In fact, it could take months for the administration to reach a final verdict because the State Department must take comments from eight agencies before reaching its own conclusion about the project.
Environmentalists and other opponents of the pipeline have highlighted the potential for extraction and transport of crude from Canada’s tar sands to contaminate water, pollute air, and harm wildlife. But the GOP, the oil industry, and other pipeline backers argue that Keystone will lead to jobs and increase oil independence as well as strengthen bonds with Canada.
“Boosting American-made energy results in more American jobs and improved international relations,” said Rep. Leonard Lance. “This is a winning combination for our Nation’s economy, our national security and a centerpiece in our relationship with our ally, Canada.”
Rep. Adam Smith had a different take: “Rather than focusing on Keystone XL, we should be working on bigger picture investments in clean energy and energy efficient technologies that will reduce our dependence on fossil fuels that hurt our environment.”
Obama Administration Targets Methane Emissions
The Obama administration has announced the first-ever national standards to cut methane emissions from new sources in the oil and natural gas industry. Methane accounts for some 9 percent of the country’s greenhouse gas emissions, but it has 20 times carbon dioxide’s planet-warming potency.
“This strategy will benefit the economy, the climate and public health,” said Dan Utech, President Obama’s advisor on energy climate change, though activists say the cuts fall short of those needed to reach the administration’s international climate change pledges.
Breakthroughs in hydraulic fracturing technology are projected to increase methane emissions from oil and gas operations. Methane leaks from oil and natural gas drilling sites and pipelines are 50 percent higher than previously thought according to a 2014 study published in the journal Science.
Estimates of Social Cost of Carbon Vary Widely, with Policy Consequences
The social cost of carbon (SCC) or the economic damage caused by a ton of carbon dioxide emissions—which the United States uses to guide energy regulations and, potentially, future mitigation policies—is $37 per ton according to a recent U.S. government study or, according to a new study by Stanford researchers published this week in the journal Nature Climate Change, six times that value.
The Stanford scientists say the current pricing models fail to reflect all the economic damage each ton of CO2 causes and that a higher value on that damage could change policy.
“If the social cost of carbon is higher, many more mitigation measures will pass a cost-benefit analysis,” said study co-author Delavane Diaz. “Because carbon emissions are so harmful to society, even costly means of reducing emissions would be worthwhile.”
“For 20 years now, the models have assumed that climate change can’t affect the basic growth rate of the economy,” said study coauthor Frances Moore. “But a number of new studies suggest this may not be true. If climate change affects not only a country’s economic output but also its growth, then that has a permanent effect that accumulates over time, leading to a much higher social cost of carbon.”

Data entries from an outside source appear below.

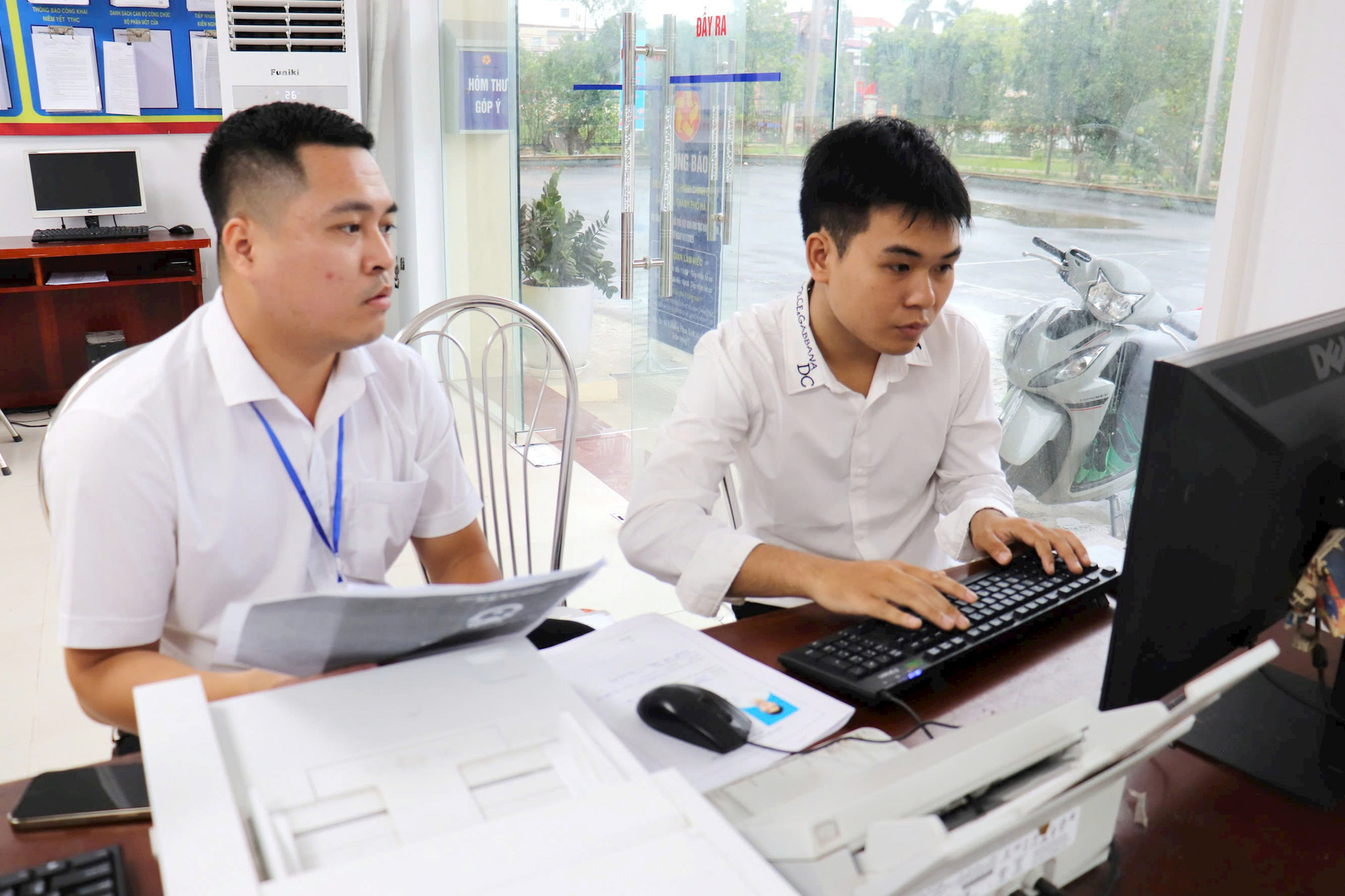 can-bo-diem-phuc-vu-hanh-chinh-cong-xa-o-dien-ho-tro-nguoi-dan-lam-thu-tuc-hanh-chinh-cong-truc-tuyen..jpg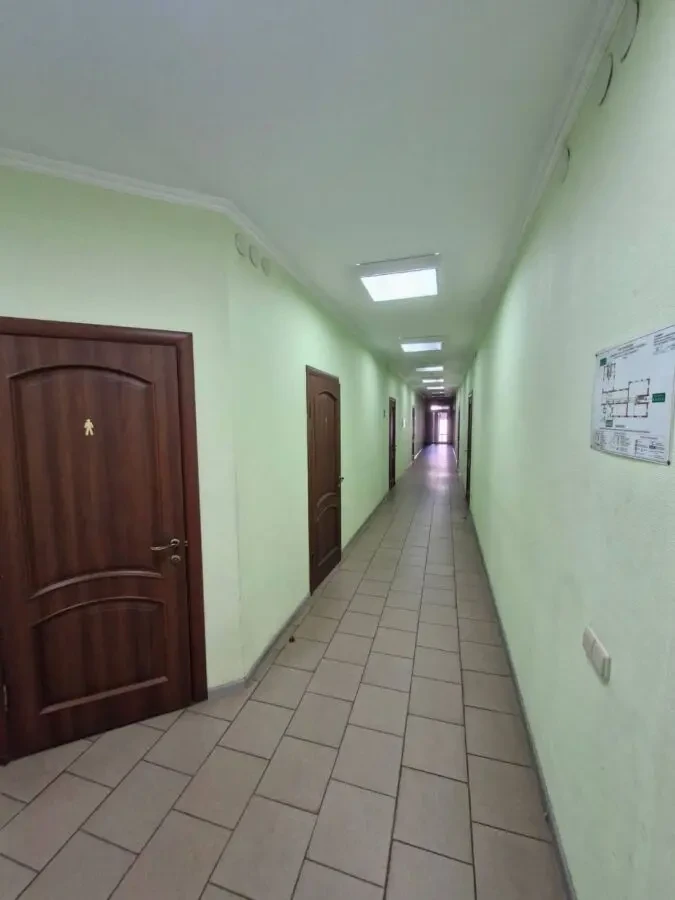 Продаж окремо розташованої будівлі, 1500 м.кв. 7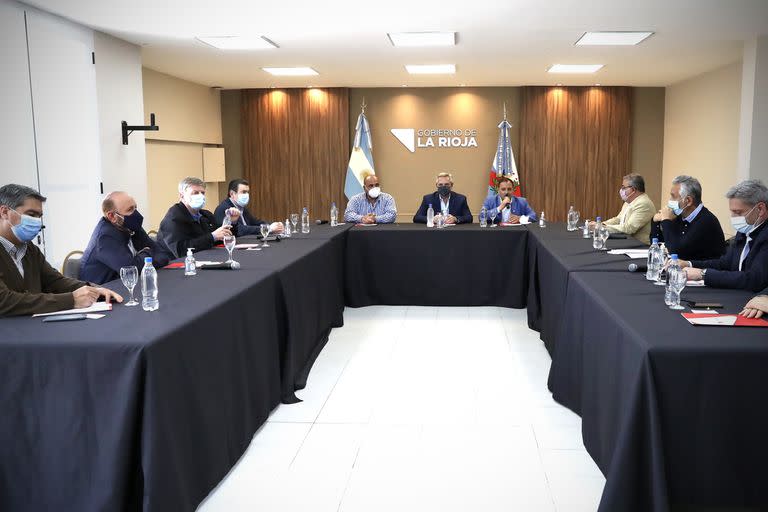 Alberto Fernández encabezó una reunión con los gobernadores en La Rioja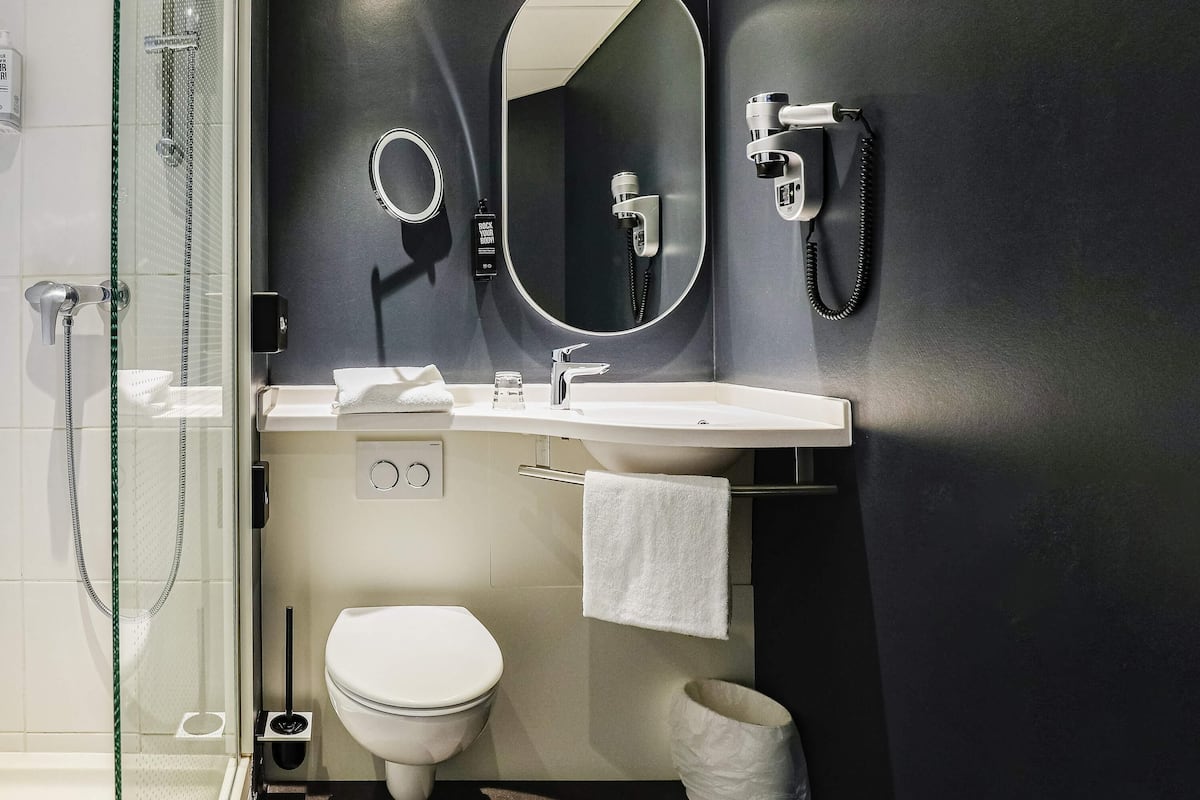 Premium bedding, in-room safe, desk, blackout curtains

But William Pizer, a faculty fellow at Duke University’s Nicholas Institute for Environmental Policy Solutions who has worked on and recommended regular updating of the SCC estimate, questioned the methodology of the Stanford analysis, pointing out that it relied on the impact on national economies of short-term temperature spikes rather than on long-term trends that might reveal permanent economic reductions.
“To me, it just seems like it has to be an overestimate,” Pizer said of the Stanford result of $220 (subscription required). “I think it’s great they’re doing this,” he added. “I just think this is another data point that someone needs to weigh as they’re trying to figure out what the right social cost of carbon is. But this isn’t like a definitive new answer.”
The Environmental Protection Agency (EPA) is delaying the release of carbon emissions rules for all power plants and will publish them for new as well as existing plants at the same time mid-summer.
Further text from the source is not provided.